Dehankar, A. - Presenter, The Ohio State University
Perez-Hoyos, E., The Ohio State University
Xu, J., The Ohio State University
Goldberger, J., The Ohio State University
Kawakami, R., The Ohio State University
Johnston-Halperin, E., The Ohio State University
Winter, J., Ohio State University
The single layer honeycomb carbon lattice of graphene is responsible for many of its exceptional properties such as high electron mobility, flexibility, and thermal conductivity. This has resulted in intense exploration of graphene for electronic, energy, and biosensing applications. However, the structure of graphene does not yield intrinsic magnetic order that would be desirable for potential magneto-electronic and spintronic applications. Most investigations directed toward generation of magnetism in graphene either demonstrate short range magnetism or are accompanied by disruption of its inherent properties. A recent study successfully induced long range magnetism in graphene while preserving its pristine attributes by harnessing the sensitivity of graphene electronic orbitals to proximal magnetic materials [1]. Drawing inspiration from this approach, this research examines the potential of superparamagnetic iron oxide nanoparticles (SPIONs) for proximity induced magnetism. The use of SPIONs had the potential additional advantage to locally control magnetization by directed self assembly of SPIONs. Further, the use of nanoscale materials may enable quantum level interactions. These graphene-SPION composites could thus enable emergent proximal interactions, perhaps with the ability to locally control magnetism.

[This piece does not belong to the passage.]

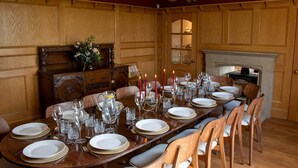 A dining room with a long wooden table set for a meal, flanked by wooden paneling and a fireplace. - Luxury Farmhouse:Padel court/Hot tub/pool table/fire pit. Central meet up point. (SELBY)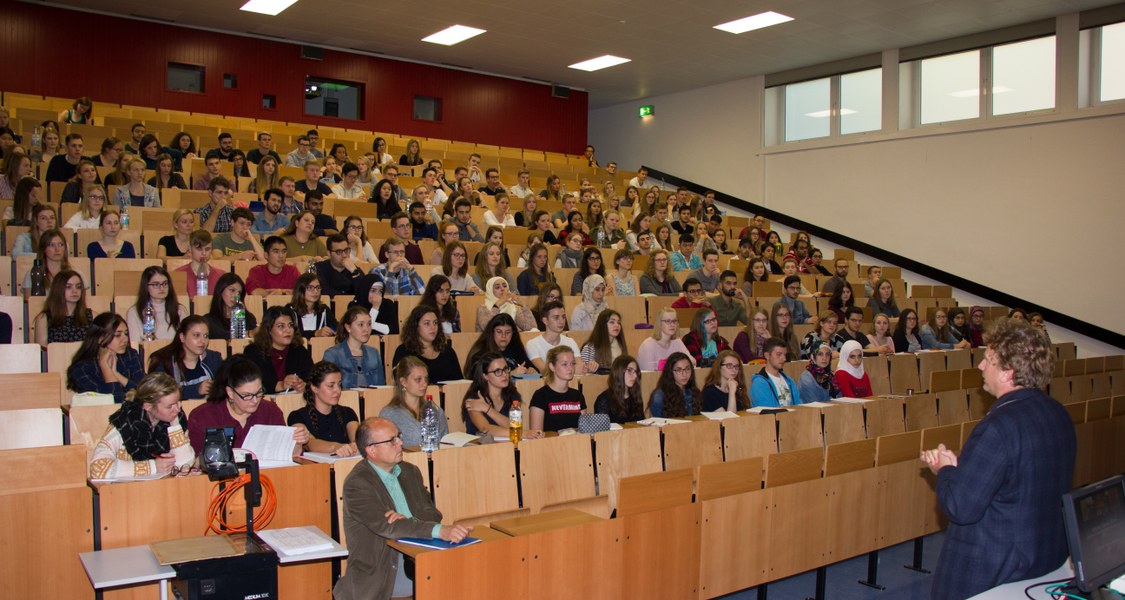 1. Semester Studierende im großen Hörsaal des Instituts für Pharmazeutische Chemie mit dem (stehend) Dekan des Fachbereichs Pharmazie, Prof. Dr. Michael Keusgen und (1. Reihe) Prof. Dr. Thorsten Steinmetzer (Foto: Regina Gerlach-Riehl)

Here, we describe composites that are assembled by transferring graphene to a silicon dioxide substrate onto which SPIONs have been deposited. Deposition techniques including spin coating [2] and the Langmuir Blodgett trough method [3] were utilized to produce scalable and controlled self assembly of SPIONs with different levels of ordering and surface densities. Atomic (AFM) and Magnetic (MFM) Force Microscopy were used to evaluate the topography of the composite throughout the assembly process. Subsequently, potential for perturbations in the inherent structural and electronic properties of graphene after transfer onto SPION-coated substrates was evaluated using Raman spectroscopy and resistivity measurements, respectively. To determine if magnetism was induced in the graphene structure, Hall and Quantum Hall effect measurements were conducted. Primary measurements on random, low density SPION arrays showed that composites maintained native graphene characteristics. High density arrays with ordering are being evaluated for comparison. Ultimately, this research will elucidate the potential to induce localized and global coupling of graphene to the nanomaterials in immediate vicinity.

[1] Z. Wang, C. Tang, R. Sachs, Y. Barlas, J. Shi, Proximity-induced ferromagnetism in graphene revealed by the anomalous Hall effect, Phys Rev Lett, 114 (2015) 016603.

[2] M. Benitez, D Mishra, P Szary, G. Badini Confalonieri, M. Feyen, A. Lu, L. Agudo, G. Eggeler, O. Petracic, H. Zabel, Structural and magnetic characterization of self-assembled iron oxide nanoparticle arrays, J. Phys.: Condens. Matter 23 (2011) 126003.

[3] Q. Guo, X. Teng, S. Rahman, H. Yang, Patterned Langmuir-Blodgett Films of Monodisperse Nanoparticles of Iron Oxide Using Soft Lithography, J. AM. CHEM. SOC., 125 (2003), 630-631.